**Records for the exercise**
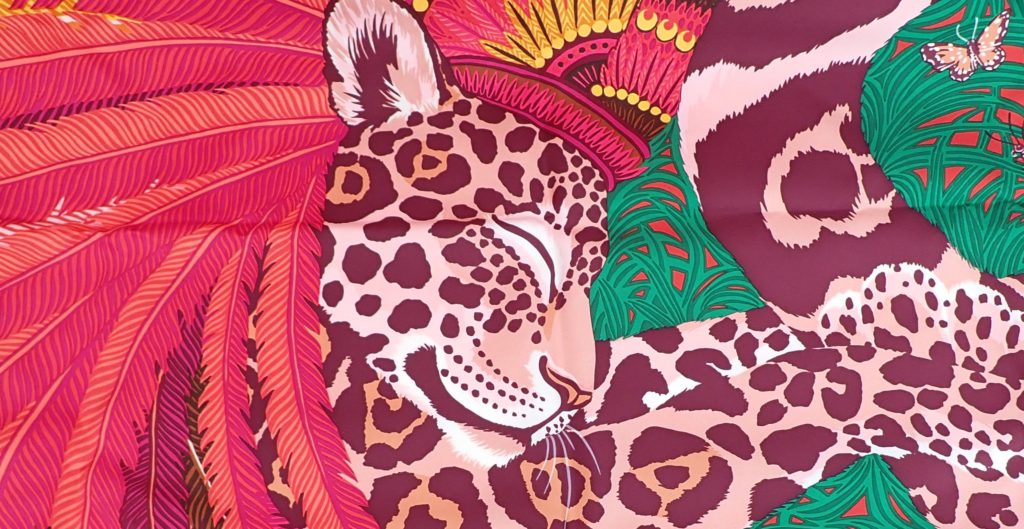 一枚の芸術品として愛されるエルメスのスカーフ 代表作・歴史・買取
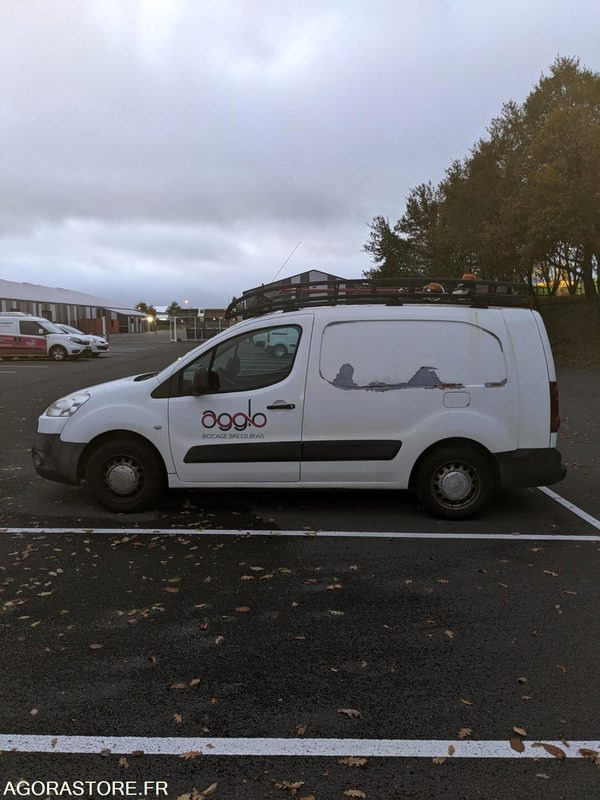 Peugeot Partner - Mali kombi: slika 1 Peugeot Partner - Mali kombi: slika 1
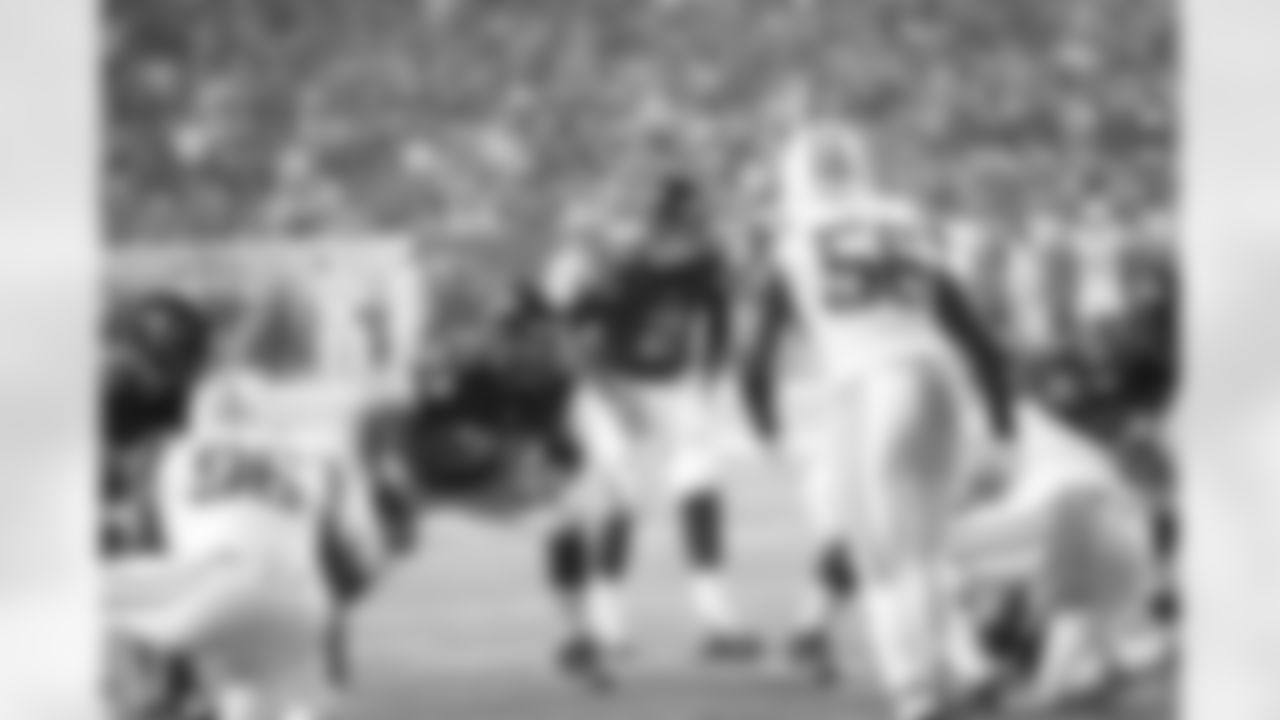 QB Matt Ryan calls a play in the first half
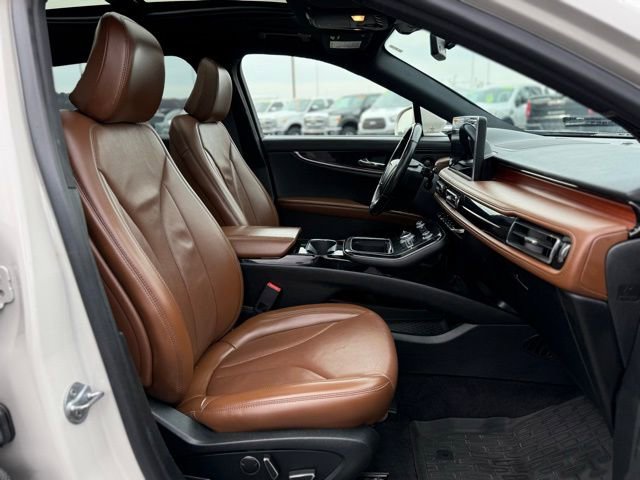 Used 2022 Lincoln Nautilus Reserve w/ Luxury Package image 15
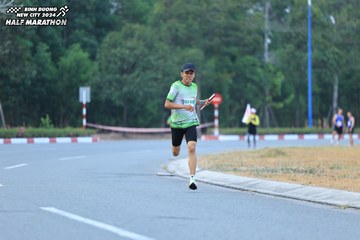 BINH DUONG NEW CITY HALF MARATHON 2024 - Ảnh #1735851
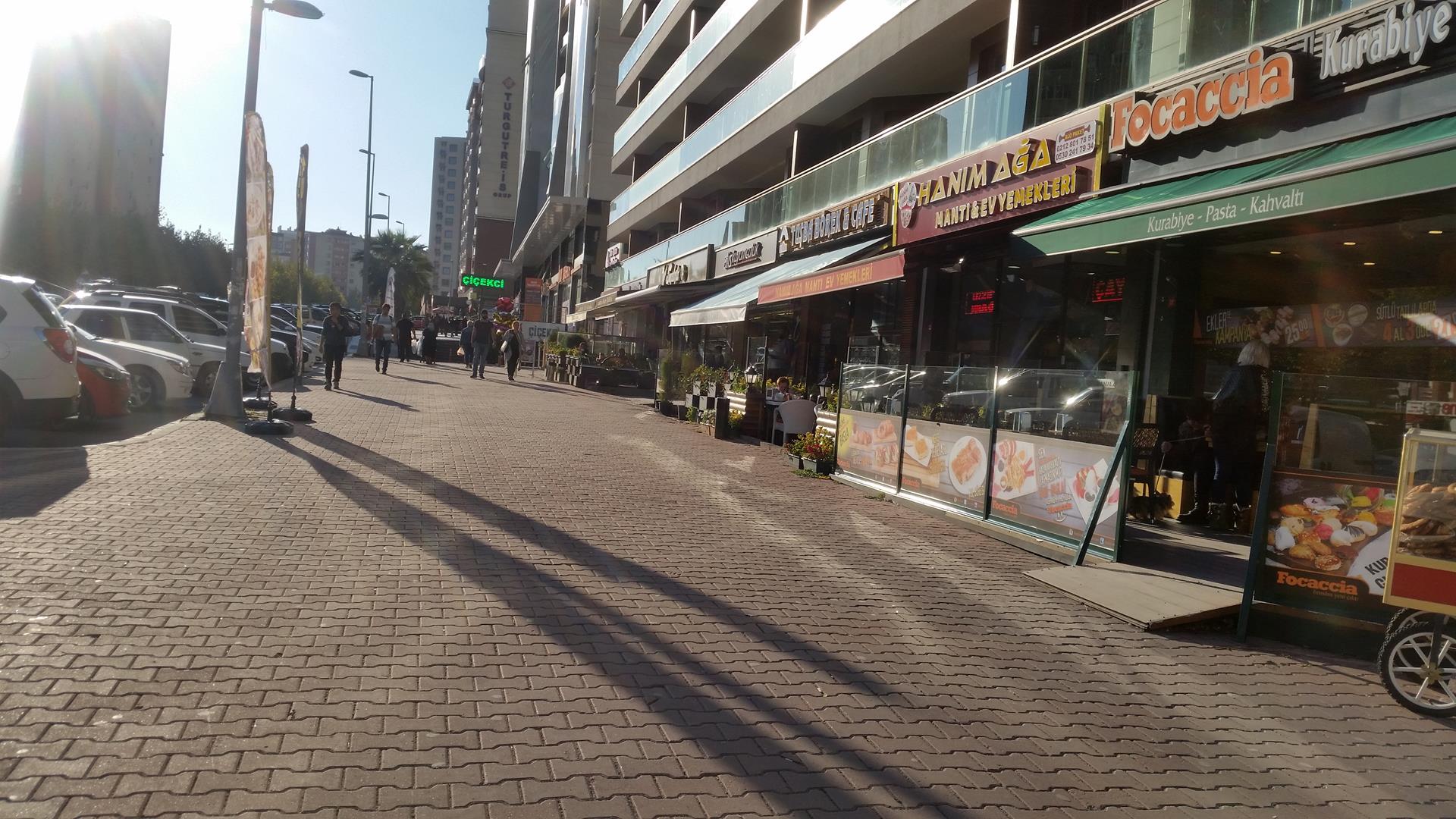 Kiralık Dükkan, İstanbul / ESENYURT / CUMHURİYET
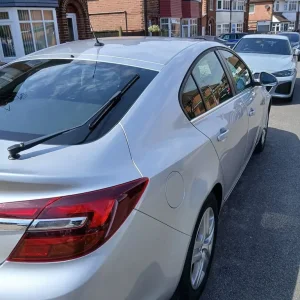 Vauxhall, INSIGNIA, Hatchback, 2015, Manual, 1598 (cc), 5 doors - Image 5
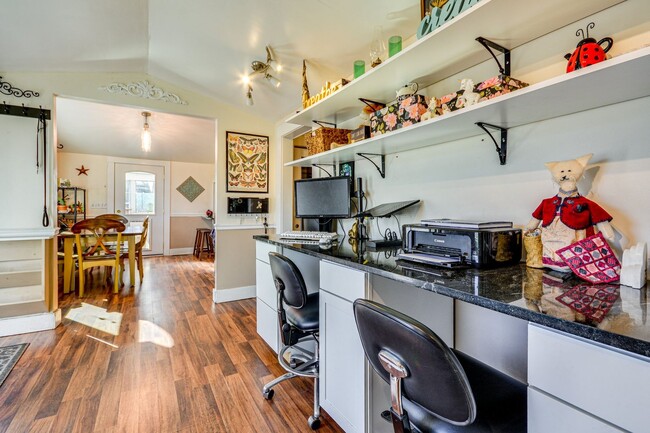 Building Photo - 4 Bed • 2 Bath Furnished Home – Utilities Included
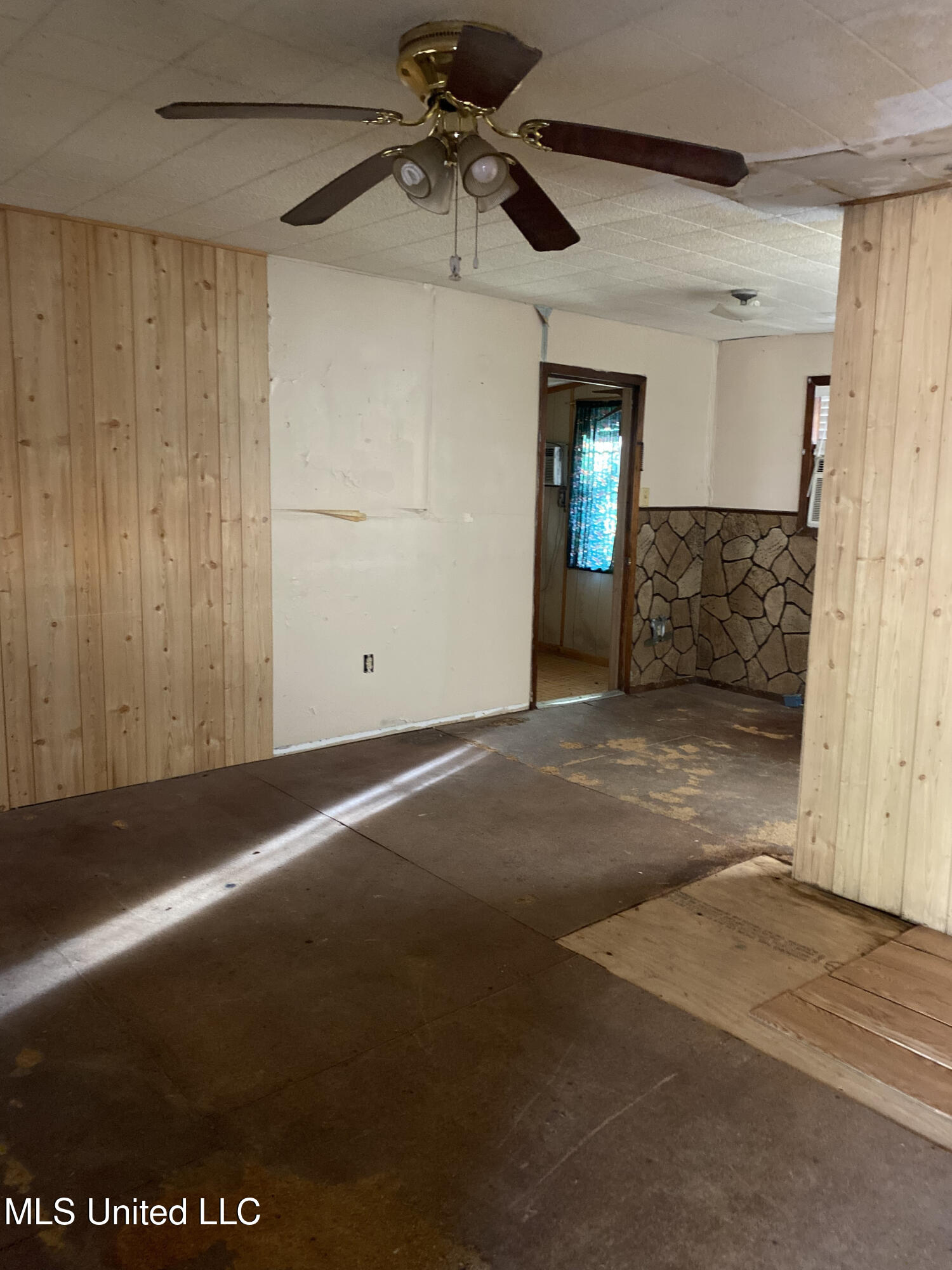 112 Sir Richard Road, Brandon, Mississippi image 3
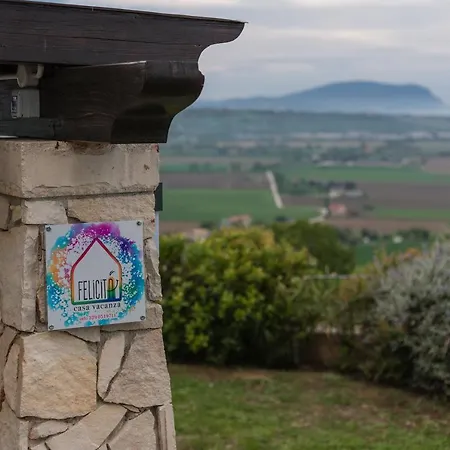 Casa Felicita' Semesterbostad *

**To do**
Extract, word for word, each line from the one that contains "Kiralık Dükkan, İstanbul" through the final line of the data above. Leave the pictures out.

**Answer to this exercise**
 Kiralık Dükkan, İstanbul / ESENYURT / CUMHURİYET
 Vauxhall, INSIGNIA, Hatchback, 2015, Manual, 1598 (cc), 5 doors - Image 5
 Building Photo - 4 Bed • 2 Bath Furnished Home – Utilities Included
 112 Sir Richard Road, Brandon, Mississippi image 3
 Casa Felicita' Semesterbostad *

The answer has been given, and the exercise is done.